- Dataset records:

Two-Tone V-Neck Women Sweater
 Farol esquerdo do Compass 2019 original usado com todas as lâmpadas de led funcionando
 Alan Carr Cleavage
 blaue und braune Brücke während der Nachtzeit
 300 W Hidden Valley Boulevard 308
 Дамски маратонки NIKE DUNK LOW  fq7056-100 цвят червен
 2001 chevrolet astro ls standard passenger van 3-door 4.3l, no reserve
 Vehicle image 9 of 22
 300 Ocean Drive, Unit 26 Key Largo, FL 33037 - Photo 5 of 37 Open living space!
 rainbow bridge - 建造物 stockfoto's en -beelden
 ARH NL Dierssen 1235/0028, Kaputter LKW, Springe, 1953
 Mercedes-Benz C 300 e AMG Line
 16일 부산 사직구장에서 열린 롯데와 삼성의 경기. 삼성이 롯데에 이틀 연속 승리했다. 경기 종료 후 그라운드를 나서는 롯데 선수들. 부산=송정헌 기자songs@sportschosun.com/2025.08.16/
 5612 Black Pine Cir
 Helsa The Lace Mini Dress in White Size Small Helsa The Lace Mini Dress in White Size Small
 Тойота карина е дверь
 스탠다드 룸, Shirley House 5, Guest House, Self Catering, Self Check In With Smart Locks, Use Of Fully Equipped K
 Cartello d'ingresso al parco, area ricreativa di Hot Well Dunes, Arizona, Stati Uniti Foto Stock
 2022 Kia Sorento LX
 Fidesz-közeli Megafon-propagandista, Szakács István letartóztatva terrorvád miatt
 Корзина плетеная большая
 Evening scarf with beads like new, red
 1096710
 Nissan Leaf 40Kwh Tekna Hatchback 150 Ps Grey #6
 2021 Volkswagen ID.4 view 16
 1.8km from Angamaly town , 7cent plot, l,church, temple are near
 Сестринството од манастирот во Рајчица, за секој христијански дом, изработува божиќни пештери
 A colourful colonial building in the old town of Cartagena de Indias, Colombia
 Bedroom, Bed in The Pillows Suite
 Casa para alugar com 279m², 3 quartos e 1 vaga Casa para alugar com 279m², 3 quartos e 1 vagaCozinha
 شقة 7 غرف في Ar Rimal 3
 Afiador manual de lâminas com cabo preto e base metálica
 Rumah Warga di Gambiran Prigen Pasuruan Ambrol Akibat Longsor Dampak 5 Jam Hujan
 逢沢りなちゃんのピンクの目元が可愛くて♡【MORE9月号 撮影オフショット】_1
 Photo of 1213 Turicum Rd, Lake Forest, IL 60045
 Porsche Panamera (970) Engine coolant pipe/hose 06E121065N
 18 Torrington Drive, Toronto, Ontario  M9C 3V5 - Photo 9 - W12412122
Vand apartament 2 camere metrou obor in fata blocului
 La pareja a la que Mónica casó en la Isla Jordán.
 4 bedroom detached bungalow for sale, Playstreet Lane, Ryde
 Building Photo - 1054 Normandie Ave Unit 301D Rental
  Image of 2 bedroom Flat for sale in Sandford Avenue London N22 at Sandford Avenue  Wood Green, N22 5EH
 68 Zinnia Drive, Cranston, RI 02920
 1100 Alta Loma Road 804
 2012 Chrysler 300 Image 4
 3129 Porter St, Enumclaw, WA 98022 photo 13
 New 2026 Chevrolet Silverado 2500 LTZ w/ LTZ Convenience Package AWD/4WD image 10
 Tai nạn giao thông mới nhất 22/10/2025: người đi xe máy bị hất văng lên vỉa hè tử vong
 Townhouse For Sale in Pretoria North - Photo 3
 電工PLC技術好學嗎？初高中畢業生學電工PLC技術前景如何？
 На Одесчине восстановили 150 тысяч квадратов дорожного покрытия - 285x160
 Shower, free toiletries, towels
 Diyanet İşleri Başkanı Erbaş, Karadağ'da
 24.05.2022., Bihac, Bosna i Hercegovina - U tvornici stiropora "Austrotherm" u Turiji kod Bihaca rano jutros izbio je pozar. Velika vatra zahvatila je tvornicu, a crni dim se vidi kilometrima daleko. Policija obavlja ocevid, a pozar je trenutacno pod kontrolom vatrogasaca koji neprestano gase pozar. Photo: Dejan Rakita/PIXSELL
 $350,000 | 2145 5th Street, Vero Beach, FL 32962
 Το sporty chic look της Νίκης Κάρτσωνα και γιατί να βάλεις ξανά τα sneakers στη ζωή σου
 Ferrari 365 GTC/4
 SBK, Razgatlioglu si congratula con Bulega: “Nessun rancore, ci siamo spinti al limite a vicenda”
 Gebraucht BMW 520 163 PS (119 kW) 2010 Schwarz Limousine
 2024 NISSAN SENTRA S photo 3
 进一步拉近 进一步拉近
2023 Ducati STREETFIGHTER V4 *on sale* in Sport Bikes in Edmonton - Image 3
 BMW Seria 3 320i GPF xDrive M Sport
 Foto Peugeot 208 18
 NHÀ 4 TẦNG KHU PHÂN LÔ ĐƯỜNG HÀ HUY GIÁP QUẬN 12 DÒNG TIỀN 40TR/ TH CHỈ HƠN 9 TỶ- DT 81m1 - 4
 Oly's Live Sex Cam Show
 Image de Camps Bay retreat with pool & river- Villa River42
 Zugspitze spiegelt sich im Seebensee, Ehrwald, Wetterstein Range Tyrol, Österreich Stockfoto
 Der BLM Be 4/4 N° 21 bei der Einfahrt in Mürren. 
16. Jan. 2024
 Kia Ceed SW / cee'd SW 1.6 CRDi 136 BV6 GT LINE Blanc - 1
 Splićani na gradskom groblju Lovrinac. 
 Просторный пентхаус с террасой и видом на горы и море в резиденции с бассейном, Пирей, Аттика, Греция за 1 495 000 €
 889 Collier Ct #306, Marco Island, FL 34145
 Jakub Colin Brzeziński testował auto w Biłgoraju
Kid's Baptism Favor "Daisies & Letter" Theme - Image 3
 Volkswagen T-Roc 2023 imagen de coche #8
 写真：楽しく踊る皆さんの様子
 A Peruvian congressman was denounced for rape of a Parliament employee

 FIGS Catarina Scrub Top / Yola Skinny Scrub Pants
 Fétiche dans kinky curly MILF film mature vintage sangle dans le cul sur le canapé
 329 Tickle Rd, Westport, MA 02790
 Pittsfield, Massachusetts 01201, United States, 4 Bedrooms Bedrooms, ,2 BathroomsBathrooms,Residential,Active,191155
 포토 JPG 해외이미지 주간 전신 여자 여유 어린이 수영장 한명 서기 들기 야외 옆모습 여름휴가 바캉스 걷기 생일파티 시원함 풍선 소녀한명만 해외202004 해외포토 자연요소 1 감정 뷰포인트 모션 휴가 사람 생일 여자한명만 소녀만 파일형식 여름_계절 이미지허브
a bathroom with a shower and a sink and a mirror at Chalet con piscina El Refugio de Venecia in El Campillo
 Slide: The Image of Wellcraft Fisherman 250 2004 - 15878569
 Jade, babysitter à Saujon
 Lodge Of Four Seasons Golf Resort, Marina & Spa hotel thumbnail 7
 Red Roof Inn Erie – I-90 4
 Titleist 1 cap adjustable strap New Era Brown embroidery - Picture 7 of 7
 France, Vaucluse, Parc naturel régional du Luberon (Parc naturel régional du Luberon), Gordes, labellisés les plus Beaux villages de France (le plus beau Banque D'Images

- Exercise description:
Retype the entries exactly from the first line, stopping after the line with "Casa para alugar com 279m², 3 quartos e 1 vaga Casa".

- Result:
Two-Tone V-Neck Women Sweater
 Farol esquerdo do Compass 2019 original usado com todas as lâmpadas de led funcionando
 Alan Carr Cleavage
 blaue und braune Brücke während der Nachtzeit
 300 W Hidden Valley Boulevard 308
 Дамски маратонки NIKE DUNK LOW  fq7056-100 цвят червен
 2001 chevrolet astro ls standard passenger van 3-door 4.3l, no reserve
 Vehicle image 9 of 22
 300 Ocean Drive, Unit 26 Key Largo, FL 33037 - Photo 5 of 37 Open living space!
 rainbow bridge - 建造物 stockfoto's en -beelden
 ARH NL Dierssen 1235/0028, Kaputter LKW, Springe, 1953
 Mercedes-Benz C 300 e AMG Line
 16일 부산 사직구장에서 열린 롯데와 삼성의 경기. 삼성이 롯데에 이틀 연속 승리했다. 경기 종료 후 그라운드를 나서는 롯데 선수들. 부산=송정헌 기자songs@sportschosun.com/2025.08.16/
 5612 Black Pine Cir
 Helsa The Lace Mini Dress in White Size Small Helsa The Lace Mini Dress in White Size Small
 Тойота карина е дверь
 스탠다드 룸, Shirley House 5, Guest House, Self Catering, Self Check In With Smart Locks, Use Of Fully Equipped K
 Cartello d'ingresso al parco, area ricreativa di Hot Well Dunes, Arizona, Stati Uniti Foto Stock
 2022 Kia Sorento LX
 Fidesz-közeli Megafon-propagandista, Szakács István letartóztatva terrorvád miatt
 Корзина плетеная большая
 Evening scarf with beads like new, red
 1096710
 Nissan Leaf 40Kwh Tekna Hatchback 150 Ps Grey #6
 2021 Volkswagen ID.4 view 16
 1.8km from Angamaly town , 7cent plot, l,church, temple are near
 Сестринството од манастирот во Рајчица, за секој христијански дом, изработува божиќни пештери
 A colourful colonial building in the old town of Cartagena de Indias, Colombia
 Bedroom, Bed in The Pillows Suite
 Casa para alugar com 279m², 3 quartos e 1 vaga Casa para alugar com 279m², 3 quartos e 1 vagaCozinha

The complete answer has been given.